Over the past decade, Dontnod Entertainment has established itself as a capable developer of solid adventure games. The French studio’s upcoming game, Twin Mirror, looks like a promising continuation of that thread, at least based on a hands-off preview shown this week.
Those expecting another adventure game in the vein of Life Is Strange both will and won’t be disappointed. The two games unmistakably share a lot of DNA. Both lean heavily on troubled main characters and choose-your-own-adventure elements. Like Life Is Strange, Twin Mirror opens with a moody indie folk track (“You Keep Coming Alive,” by Sean Rowe). Those first moments also take place on an empty road lined with nostalgic autumn leaves, a quintessential snapshot of Americana that was expertly captured throughout Life Is Strange 2.
But there are a few ways in which Twin Mirror is not at all like Dontnod’s popular emotion simulator. For starters, with Twin Mirror, the developers are clearly gunning for realism. This game—or at least what was shown off this week—is visually stunning. Rather than the unique cartoonishness of Life Is Strange, Twin Mirror’s environmental design looks like a living, breathing photograph of rural America.
There’s also—again, at least in this week’s preview, which was 20 minutes of footage narrated by someone from Dontnod—a notable lack of supernatural game mechanics. Both Life Is Strange games went all in on inhuman powers (time manipulation in the first one, telekinesis in the sequel). You’ll find nothing of the sort in Twin Mirror. “The story itself, the logic of what’s happening, the motivation of the characters, all of this is rooted in reality,” Florian Desforges, Twin Mirror’s game director, told The Verge in an interview last month.
Twin Mirror’s main character, Sam Higgs, is a former investigative reporter of the hard-boiled variety, the type who says lines like, “Time to kill before the funeral and nowhere I wanna kill it.” Sam has returned to his hometown, the fictional Basswood, West Virginia, to attend the funeral of his recently deceased best friend, Nick. In case you don’t understand that this is a rundown American mining town, there’s a bar literally named The Coal Miner’s Haven. The vending machine outside flickers on and off. Unplucked weeds poke out of cracks in the curb.

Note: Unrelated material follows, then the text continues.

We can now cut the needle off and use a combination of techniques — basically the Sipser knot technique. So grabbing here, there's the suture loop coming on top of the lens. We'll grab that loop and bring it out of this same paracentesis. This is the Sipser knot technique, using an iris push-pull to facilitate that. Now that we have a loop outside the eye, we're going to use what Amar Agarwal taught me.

Sam’s gimmick is that he has a razor-sharp memory and analytic skills. These present obvious benefits for a career in investigative journalism. How they manifest in gameplay is less clear. In the part of the game I viewed, Sam entered his “mind palace” after visiting a personally meaningful location. There, he relived past memories—meeting his girlfriend, then getting dumped by his girlfriend—with word-for-word accuracy. Think back on a powerful, years-old memory of your own. You might be able to recall what happened and how it made you feel. But can you remember every word? That should give you an idea of how Sam’s brain works.
The mind palace itself is full of typical sci-fi visual motifs: triangular shapes, fragmented bits of reality, blurry vision, distorted voices. Beyond the fact that it exists and is a part of the game, Dontnod didn’t show much of the mind palace. It all looks supernatural, but I got the sense it’s more of a (very pretty) game mechanic than a superpower. It’s fun to explore memories in a physical space rather than in a menu, and I’m curious to see more of how it functions in the full game.

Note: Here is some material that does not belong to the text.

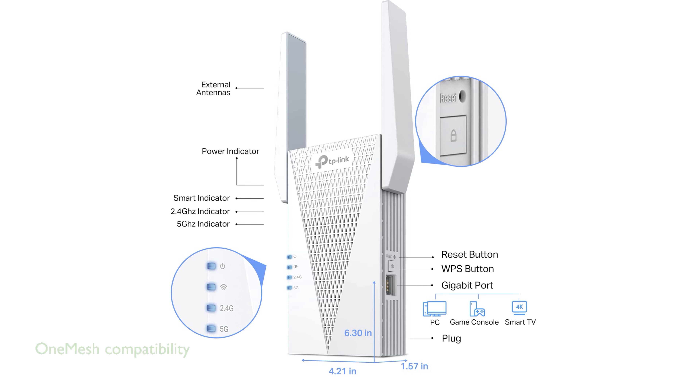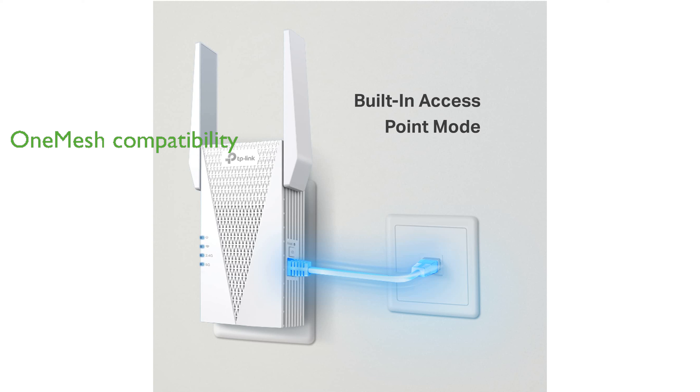Mesh compatibility allows you to create a seamless Wi-Fi network, ensuring you never have to switch networks or lose signal. Setting up the TP-Link RE715X is a breeze with the TP-Link Tether app, which helps you find the optimal location for the best Wi-Fi connection.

Sam is constantly accompanied by a man named The Double. He’s probably a figment of Sam’s imagination; Sam is the only person who can see or interact with him. Plus, they look and sound like identical twins. The Double serves as a devil’s advocate, popping up at crucial moments to offer up alternative courses of action. For instance, at the end of the demo, Sam meets up with Nick’s daughter, who asks him to investigate her dad’s death. On the one hand, he has a peerless analytical mind and looking into mysteries is kind of his jam. On the other, as The Double points out, it’s not fair to promise action to a bereaved teenager if there’s any possibility that, actually, nothing can be done.

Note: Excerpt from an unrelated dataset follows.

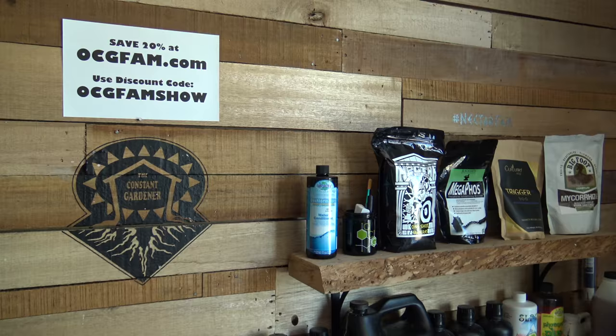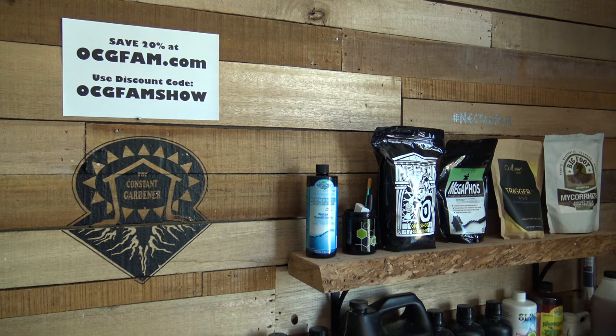That's awesome, Carl. I think you covered it pretty well — we just need to talk to someone about the RO and I think we've got this subject handled. Thanks Carl, thanks for coming on the show, thanks for doing the video, thanks for helping everyone out. For more information about anything on today's show, go to our website ocgfam.com. If you buy anything while you're there, use the code 'ocgfamshow' — it's going to save you 20 percent. The OCG Fam Show — see you tomorrow.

The rest of the gameplay appears much like Life Is Strange fare: walking around, interacting with stuff, making decisions about story beats while The Double offers his input. As Dontnod explained in the video, every choice you make, no matter how small or large, has some degree of consequence. Dontnod says sometimes that might result in something as small as a tweaked line of dialogue. Other times, your decisions “change everything.” Like many games with such mechanics, there are no “right or wrong answers.”
After 20 minutes, I was intrigued yet confused. Many of the elements that are so appealing about Life Is Strange are present here, but the apparent lack of supernatural elements, at least in what I saw, disappointed me a little. A physically manifested mind palace? An otherworldly identical twin only visible to one person? Sure sounds supernatural to me.
Twin Mirror comes out later this year for PS4, Xbox One, and PC.